With state legislatures in Maryland, Virginia and North Carolina offering apologies for slavery in quick succession, it seems that America may finally be ready to atone for its treatment of Blacks. Last week, the University of Virginia’s board marked founder Thomas Jefferson’s 264th birthday — April 13 — with an apology resolution for the school’s use of slave labor between 1819 and 1865.
But scholars are asking, so now what?
Compensatory measures are necessary as a follow-up to the apology, says Dr. William A. “Sandy” Darity Jr., a research professor of public policy studies, African-American studies and economics at Duke University.
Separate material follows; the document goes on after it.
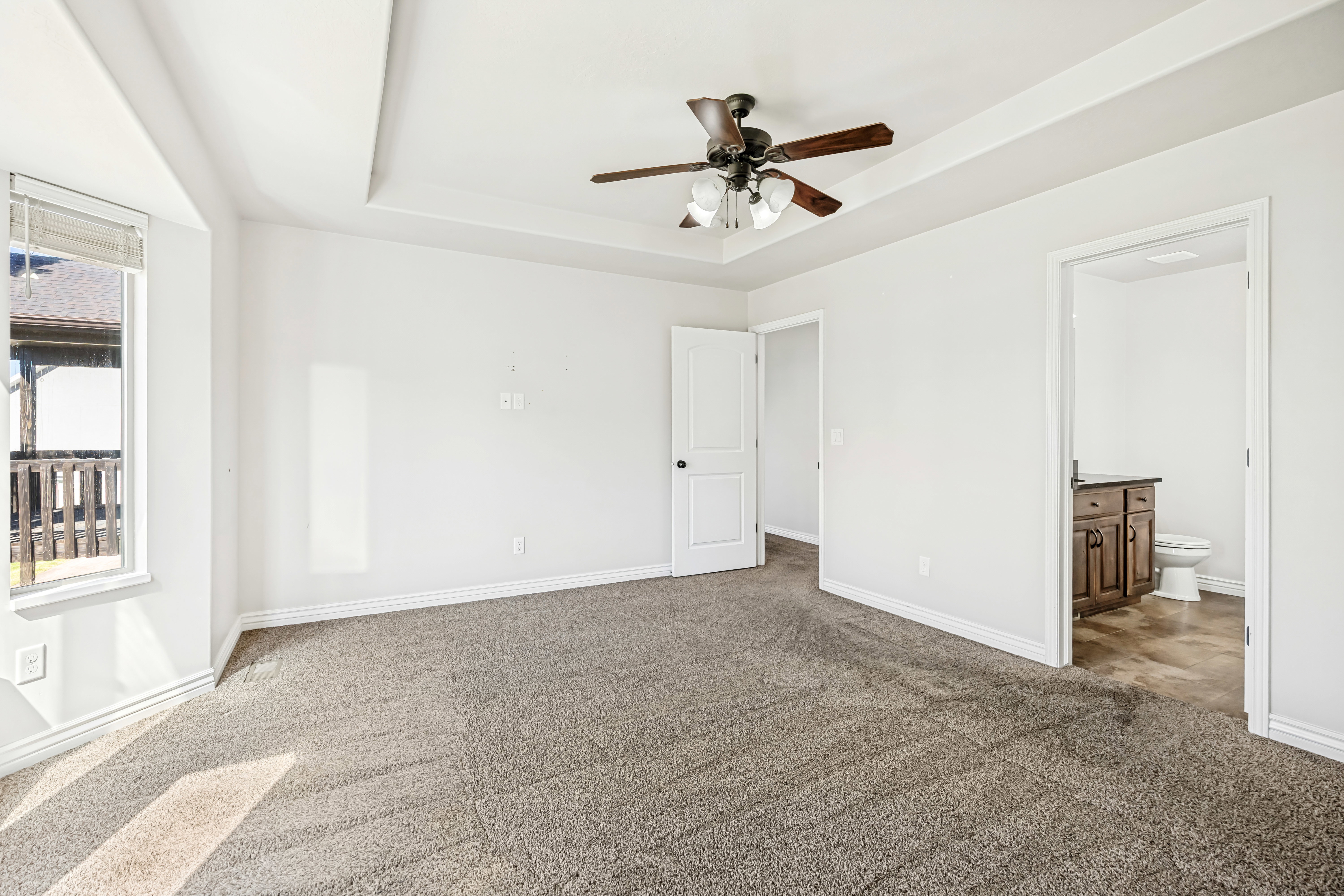 Unfurnished bedroom with dark colored carpet, a raised ceiling, connected bathroom, and ceiling fan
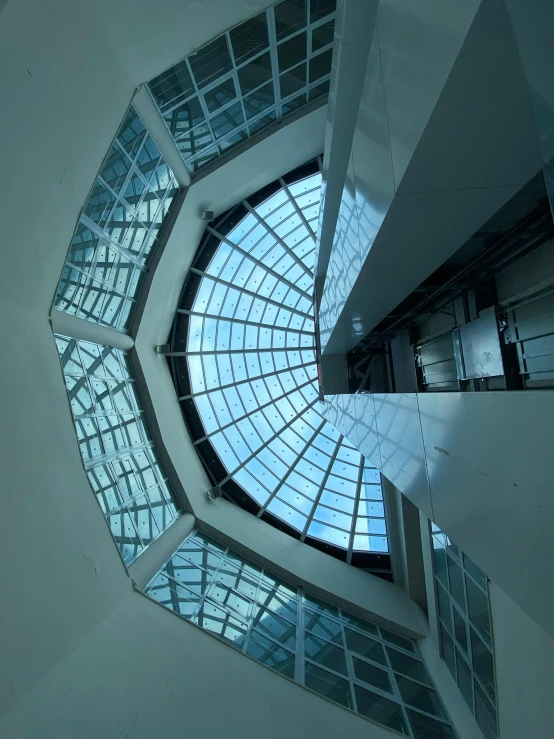 looking up at a skylight in an office building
He recommends the formation of a national commission of the type proposed by U.S. Congressman John Conyers, D-Mich., to examine the long-term effects of slavery, Jim Crow and ongoing discrimination in American society.
“The apologies would be strengthened by acknowledgment of the damage and harm engendered by ongoing racial discrimination in employment, education, political participation and access to wealth,” he says.
Alfred L. Brophy is a professor of law at the University of Alabama, where an apology resolution was passed in 2004. Although he says he was shocked to learn about UVa’s decision to apologize, he welcomed it as a positive sign and a step in the right direction.
“Now we are right on the fulcrum where schools are beginning to do this, and now others are going to have to increasingly examine the past,” says Brophy. “We’ll see a discussion of slavery and Jim Crow all over the place, and this is important for universities because these are places where we expect to talk about ideas.”
However, Dr. Peter Carmichael, an associate professor of history at the University of North Carolina at Greensboro and author of The Last Generation: Young Virginians in Peace, War, and Reunion, says he fails to understand how the resolutions connect to the complexities of slavery and to the diversity of the school itself.
“Those who pass the resolution have nothing to feel guilty about,” he says. “It has historical significance, but apart from that I don’t understand how issues of racial and economic inequality today are connected to UVa’s past.”
He adds that White privilege today is a creation of capitalism and the apologies obscure the contemporary problems by pointing fingers to the past.
“Slavery has not been ignored in higher education, not been brushed under the rug,” says Carmichael. “Every introductory history course deals with it head on.”
Dr. Terry L. Meyers, professor of English at the College of William & Mary, started exploring his school’s ties with slavery “out of curiosity” since the past year. He has already found mention of a 1000 pound scholarship of which the college used 476 pounds and 4 shillings to buy “17 negro slaves to be employed in land.”
“I am just an amateur, but I imagine the provost would appoint a committee to do a more in-depth examination of the connections,” Meyers says. “An apology would be the right thing to do.”
Although UVa’s apology was appropriate, it is very abstract, Meyers says.
“They haven’t documented their involvement and I’d like to see what they’re apologizing for,” he says.
Meyers points to Brown University which appointed a Slavery and Justice Committee in 2004 to examine its slave history, and followed up with a recommendation report.
“It’s easy to do an apology, but that’s hardly sufficient,” says committee member Evelyn Hu-DeHart, a professor of history and director of the university’s Center for the Study of Race and Ethnicity in America.
She says it was important to juxtapose the “small tidal wave of apology with another tidal wave of affirmative action.” There is no point in apologizing without taking follow-up measures, she says.
But how do we turn an apology into something more forward looking?
Brophy agrees that restitution is necessary if you can find appropriate groups that would raise positive steps.
“The challenge of this is disclosing the connection of the powerful and wealthy, and how that can help us move forward as a country,” he says.